Let $X$ be locally compact Hausdorff space and $A=C_0(X),$ the space of continuous functions vanishing at infinity and $f \in A$. I'm trying to verify the following:
$\sigma_A(f),$ the spectrum of $f$ is compact.
My attempt:
I've shown that $\sigma_A(f)=f(X) \cup \{0\}.$ Now, it suffices to show that $f(X)$ is compact. Since, $f\in A,$ therefore $f(X)$ is bounded.
I'm having trouble showing that $f(X)$ is closed.
I took $\lambda \not \in f(X).$ I need to show that there exists a neighbourhood of $\lambda$ such that no element in that neighbourhood is in the range.
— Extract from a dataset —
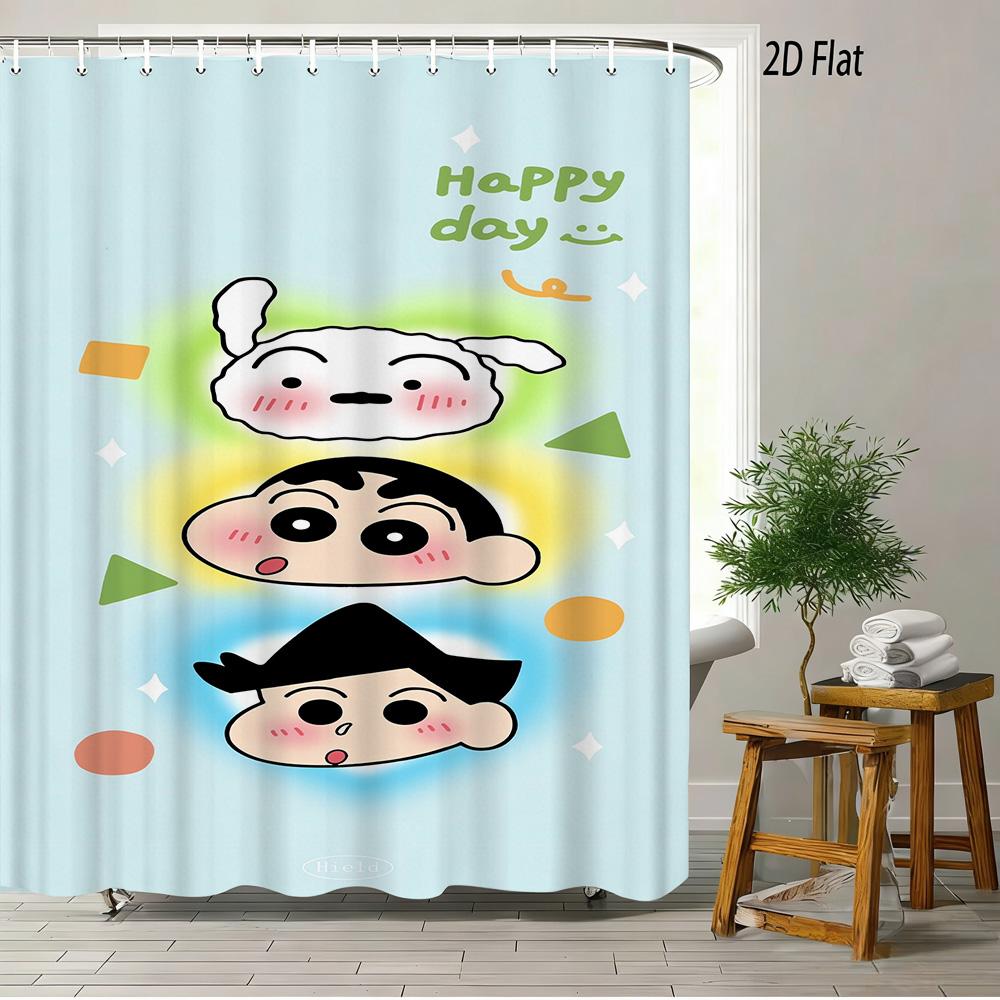 Crayon Shin-Chan Cheese & Shiro 2D Print Waterproof Shower Curtain, Cute Cartoon Bathroom Decor With Hooks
Any hints are appreciated.
Let $\lambda \in \overline{f(X)}.$ Then, there exists a sequence $(f(x_n))_n$ such that $f(x_n) \to \lambda.$ Let $\epsilon >0$ be given. Since $f \in A,$ there exists a compact set $K$ in $X$ such that $$|f(x)|\leq \epsilon$$ for all $x \in X\setminus K.$
Case 1: $K$ has infinite points of the sequence $(x_n)_n.$ Then there is a subsequence $(x_{n_k})_k$ of $(x_n)_n$ in $K.$ Hence, $f(x_{n_k})\in f(K)$ and $f(K)$ is closed(since, compact). Now, $f(x_{n_k}) \to \lambda.$ Therefore, $$\lambda \in \overline{f(K)}=f(K)\subseteq f(X)$$
Case 2: $K$ has only finite points of the sequence $(x_n)_n.$ Then there exists $n_0 \in \mathbb N,$ such that $x_n \in X \setminus K$ for all $n\geq n_0.$ Hence, $|f(x_n)|\leq \epsilon$ for all $n\geq n_0.$ It follows that $\lambda =0.$
We have thus obtained $$\overline{f(X)} \subseteq f(X) \cup \{0\}.$$
Lastly, for each $n \in \mathbb N,$ there exists a compact set $K_n$ in $X$ such that $$|f(x)|\leq \frac 1n$$ for all $x \in X\setminus K_n.$ Let $x_n \in X \setminus K_n.$ Then $|f(x_n)| \leq \frac 1n$. Hence, $|f(x_n)| \to 0.$ Therefore, $0 \in \overline{f(X)}.$
So,$$\overline{f(X)} = f(X) \cup \{0\}.$$ Hence, $\sigma_A(f)$ is closed. Since, it is also bounded, we may conclude that it is compact.